* _WHAT NEEDS TO BE DONE_
In the records below, repeat exactly the lines between the line holding "2-otaqlı yeni tikili" and the line holding "A home in Monticello", inclusive, and drop the pictures.

* _RECORDS FOR THIS TASK_

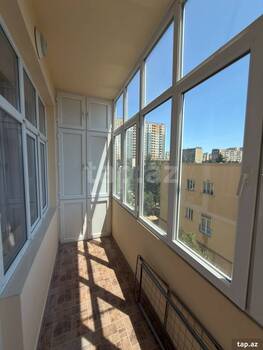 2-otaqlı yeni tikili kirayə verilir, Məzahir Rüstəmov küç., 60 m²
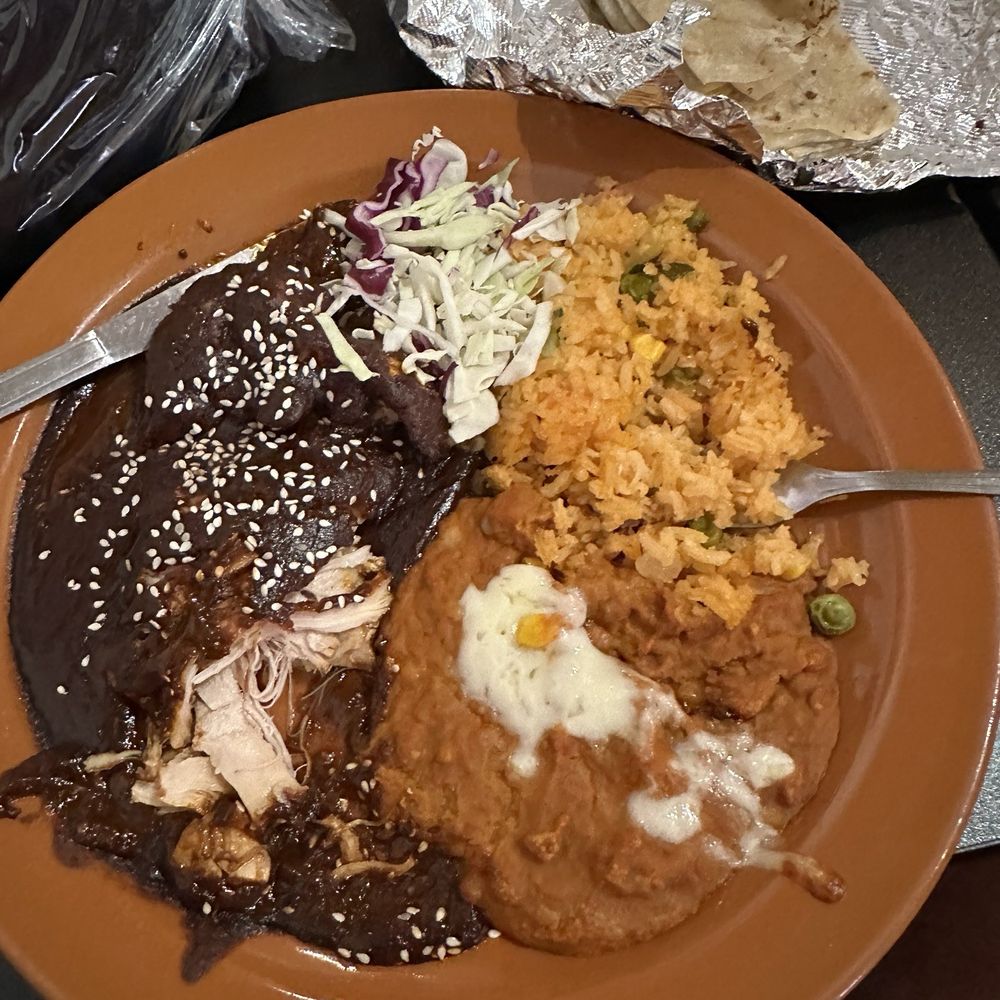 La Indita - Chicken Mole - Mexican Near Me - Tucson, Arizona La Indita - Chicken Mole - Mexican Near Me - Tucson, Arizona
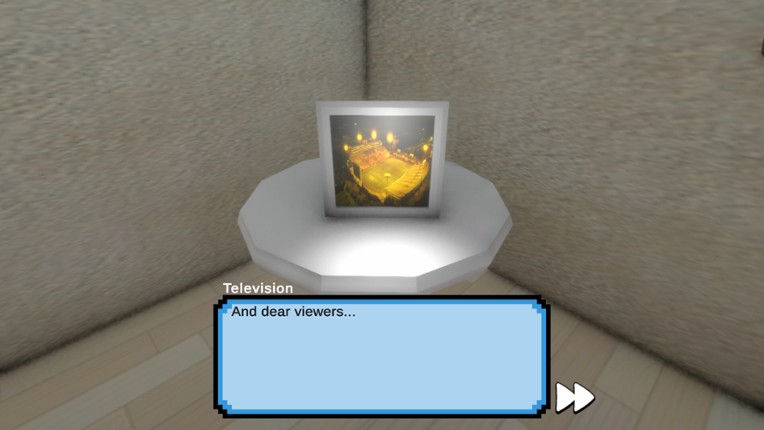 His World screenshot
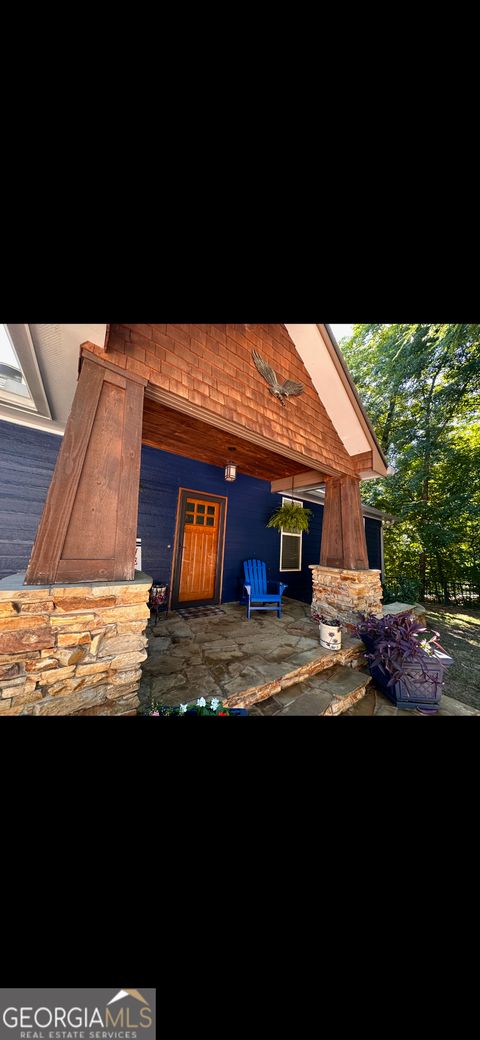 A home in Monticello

...

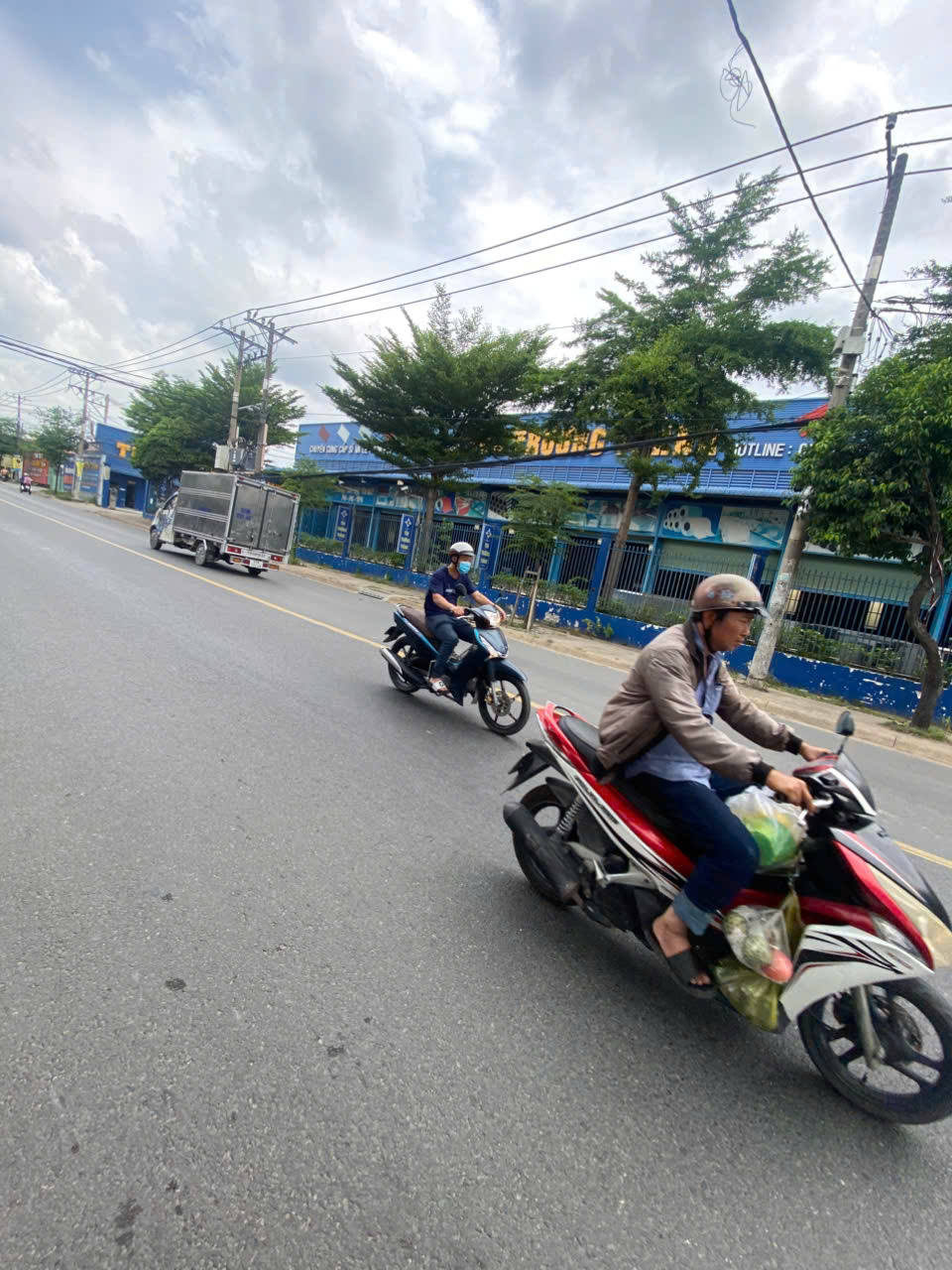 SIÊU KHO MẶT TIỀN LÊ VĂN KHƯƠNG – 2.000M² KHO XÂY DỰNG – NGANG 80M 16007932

* _ANSWER SPACE_
 2-otaqlı yeni tikili kirayə verilir, Məzahir Rüstəmov küç., 60 m²
 La Indita - Chicken Mole - Mexican Near Me - Tucson, Arizona La Indita - Chicken Mole - Mexican Near Me - Tucson, Arizona
 His World screenshot
 A home in Monticello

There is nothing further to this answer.